How business appropriated the pastoral landscape, as seen in the
corporate campus, the corporate estate, and the office park.
By the end of the twentieth century, America's suburbs contained more
office space than its central cities. Many of these corporate workplaces
were surrounded, somewhat incongruously, by verdant vistas of broad
lawns and leafy trees. In Pastoral Capitalism, Louise Mozingo describes
the evolution of these central (but often ignored) features of postwar
urbanism in the context of the modern capitalist enterprise.
These new suburban corporate landscapes emerged from a historical moment
when corporations reconceived their management structures, the city
decentralized and dispersed into low-density, auto-dependent
peripheries, and the pastoral--in the form of leafy residential
suburbs--triumphed as an American ideal. Greenness, writes Mozingo, was
associated with goodness, and pastoral capitalism appropriated the
suburb's aesthetics and moral code.

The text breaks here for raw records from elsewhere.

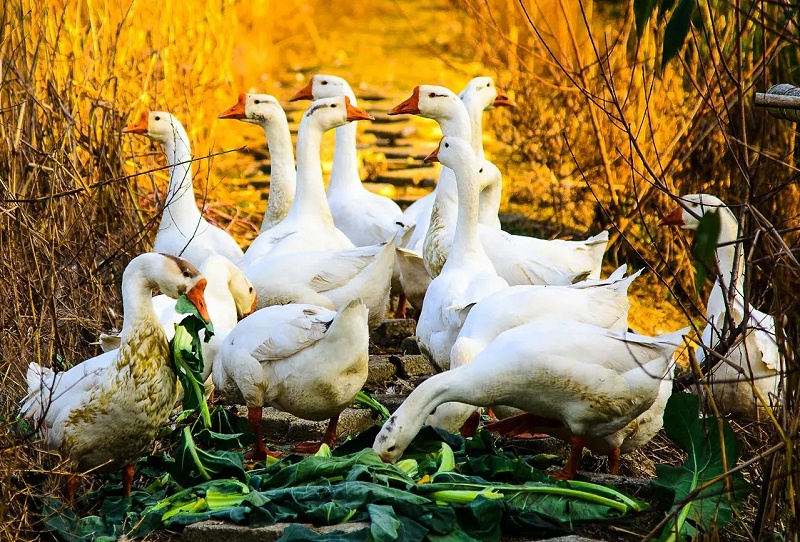 src=http___img1001.pocoimg.cn_image_poco_works_38_2017_0303_06_6647196120170303061727041_66471961.jpg&refer=http___img1001.pocoimg.webp src=http___img1001.pocoimg.cn_image_poco_works_38_2017_0303_06_6647196120170303061727041_66471961.jpg&refer=http___img1001.pocoimg.webp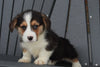 AKC Registered Pembroke Welsh Corgi For Sale Millersburg, OH Male- Carl
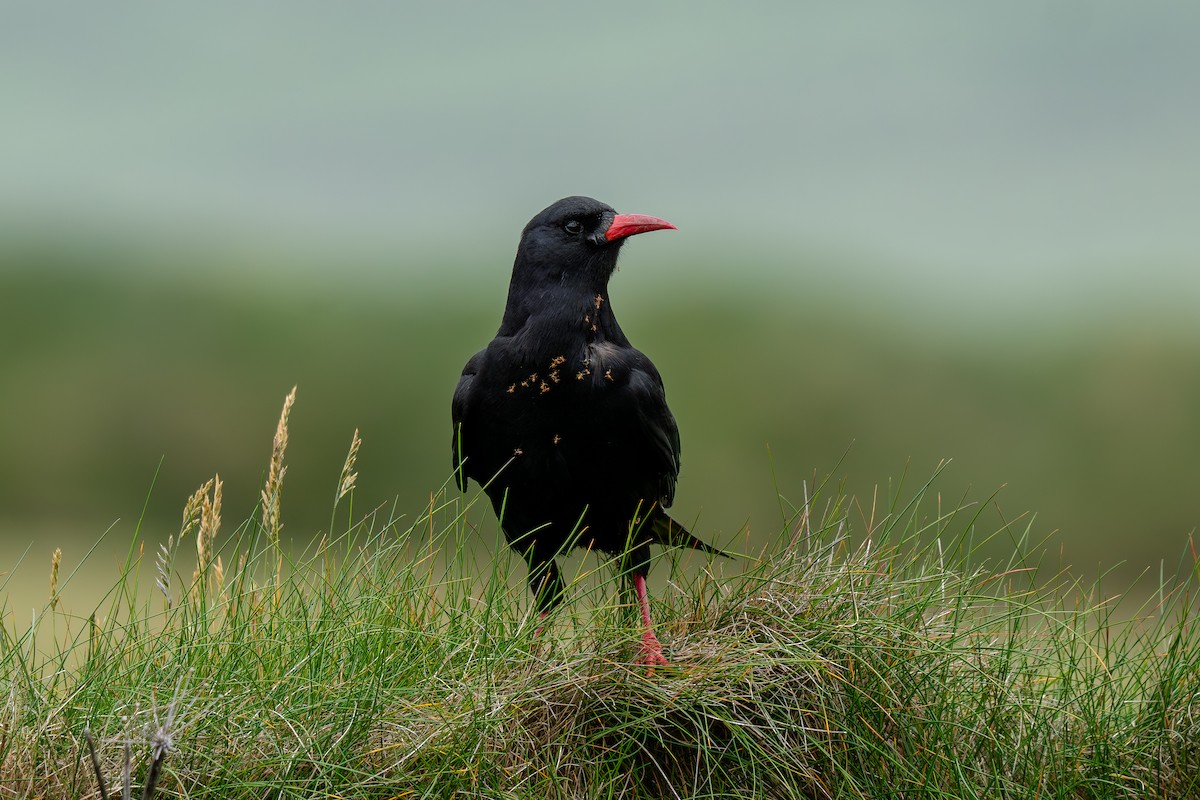 Галка альпійська червонодзьоба - ML647034315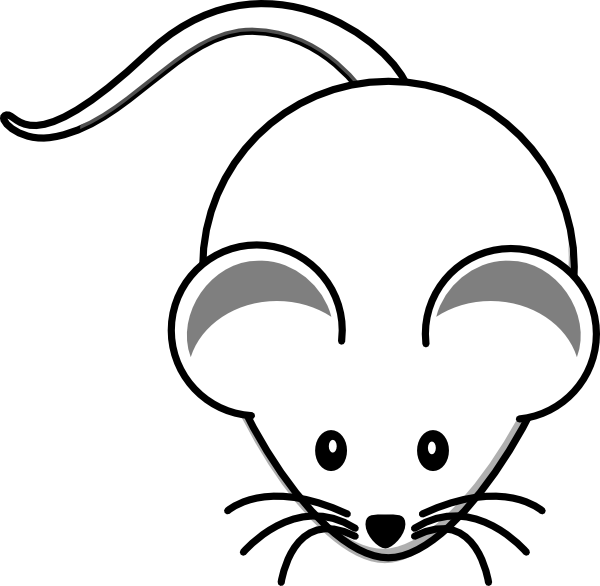 White Mouse Graphic Clip Art At Clker Com - Cartoon Mouse Shower Curtain - Png Download (600x586), Png Download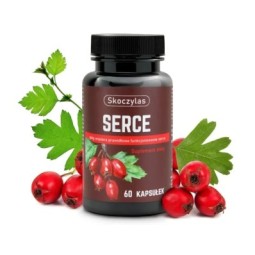 Serce - Marek Skoczylas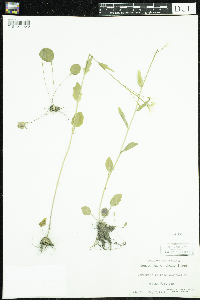 Cardamine bulbosa image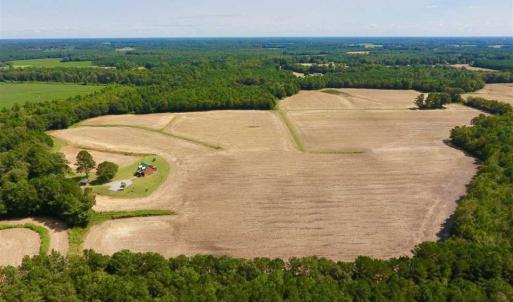 Photo of SOLD!! 85 Acres of Farm and Timber Land with Cabin and Pond For Sale in Edgecombe County NC!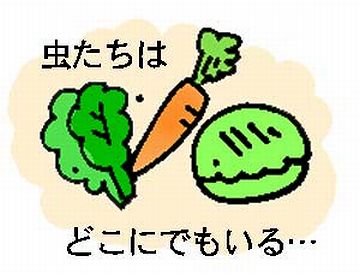 虫たちはどこにでもいる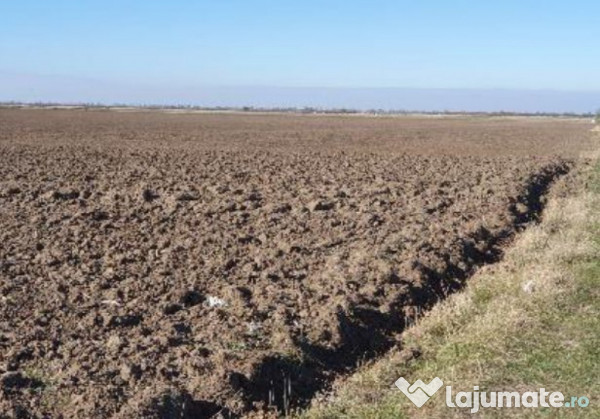 Teren extravilan- Com. Siria, jud. Arad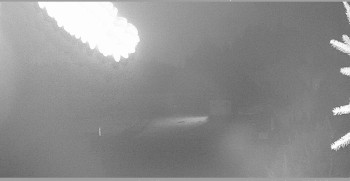 Snímek 7.11.2025 v 20:15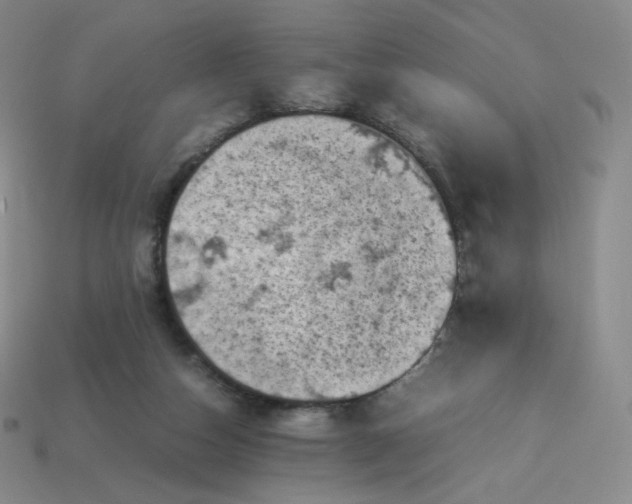 X0000114090162200910191611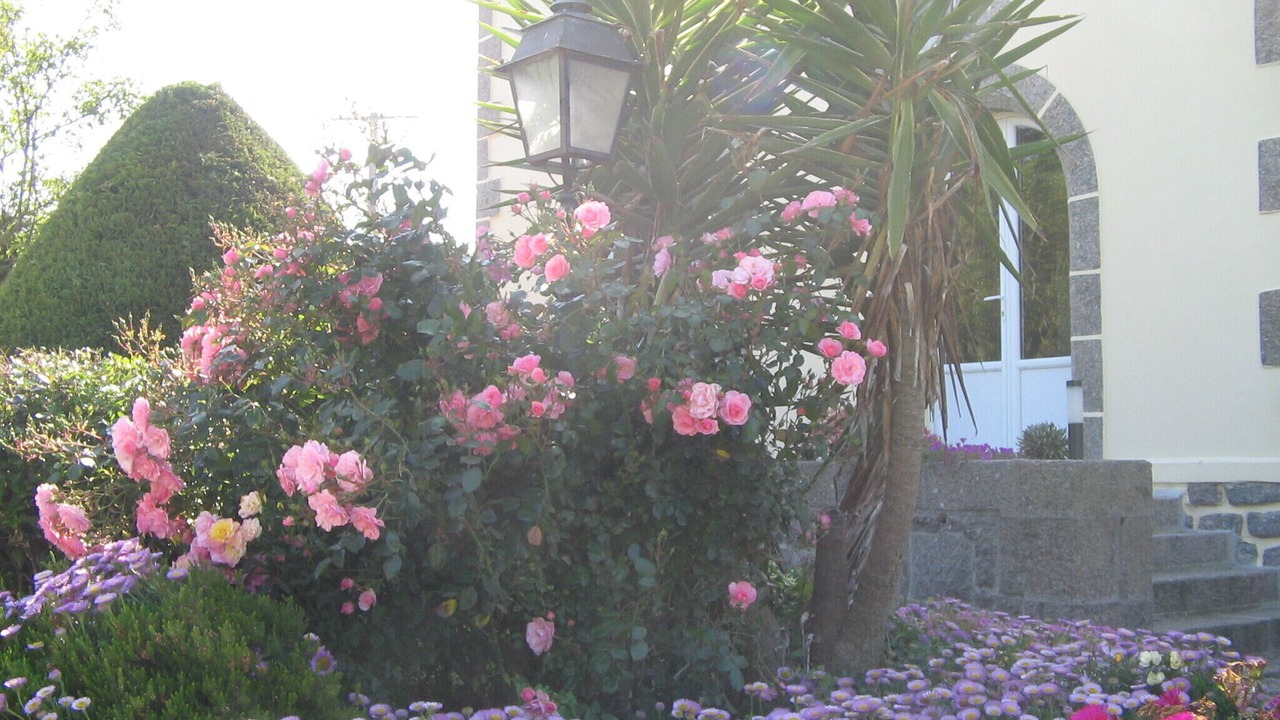Photo of Outdoor in Saint-Pol-de-Leon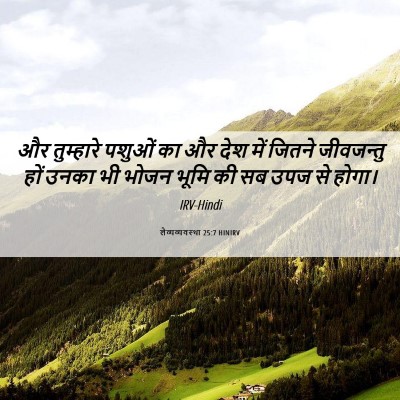 Picture 06 - लैव्यव्यवस्था 25:7 HINIRV - और तुम्हारे पशुओं - Bible Verse Picture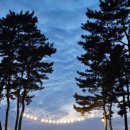 노을숲캠핑장 이미지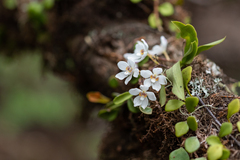 Sarcochilus falcatus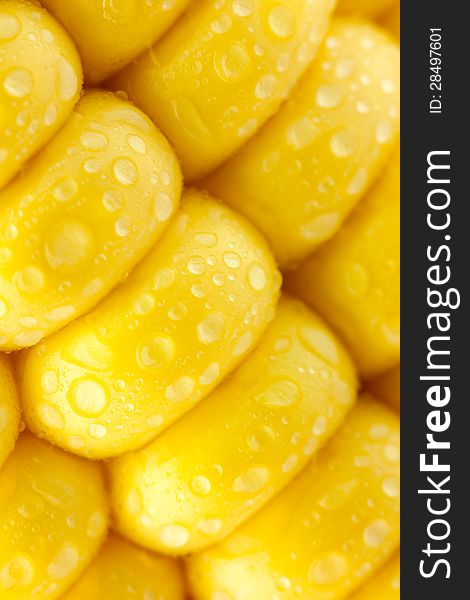 Grains of Ripe Corn with Water Droplets / diagonal / Extreme Macro / Yellow background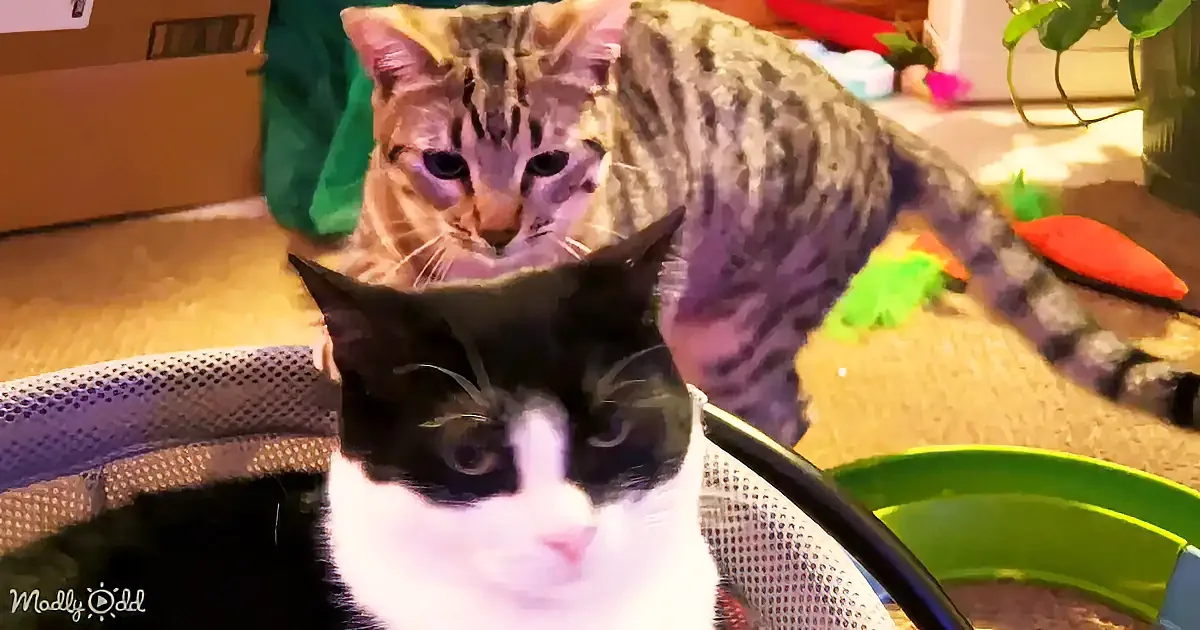 A black and white cat sits in a chair, with a striped cat behind it, both looking forward.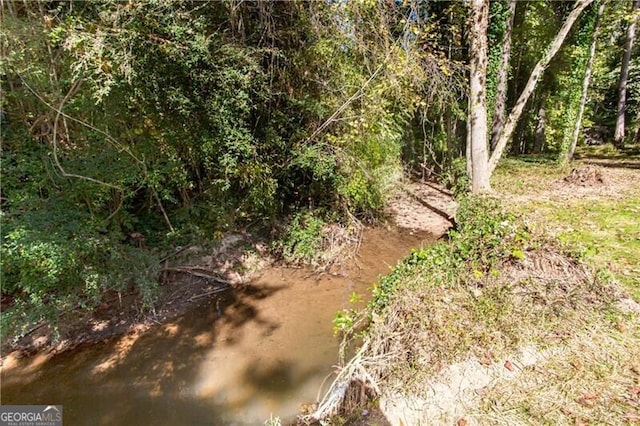 504 Milligan Dr, Stone Mountain, GA 30083 - view of undeveloped land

Like the lawn-proud suburban
homeowner, corporations understood a pastoral landscape's capacity to
communicate identity, status, and right-mindedness.
Mozingo distinguishes among three forms of corporate landscapes--the
corporate campus, the corporate estate, and the office park--and
examines suburban corporate landscapes built and inhabited by such
companies as Bell Labs, General Motors, Deere & Company, and Microsoft.
She also considers the globalization of pastoral capitalism in Europe
and the developing world including Singapore, India, and China. Mozingo
argues that, even as it is proliferating, pastoral capitalism needs
redesign, as do many of our metropolitan forms, for pressing social,
cultural, political, and environmental reasons. Future transformations
are impossible, however, unless we understand the past. Pastoral
Capitalism offers an indispensible chapter in urban history, examining
not only the design of corporate landscapes but also the economic,
social, and cultural models that determined their form.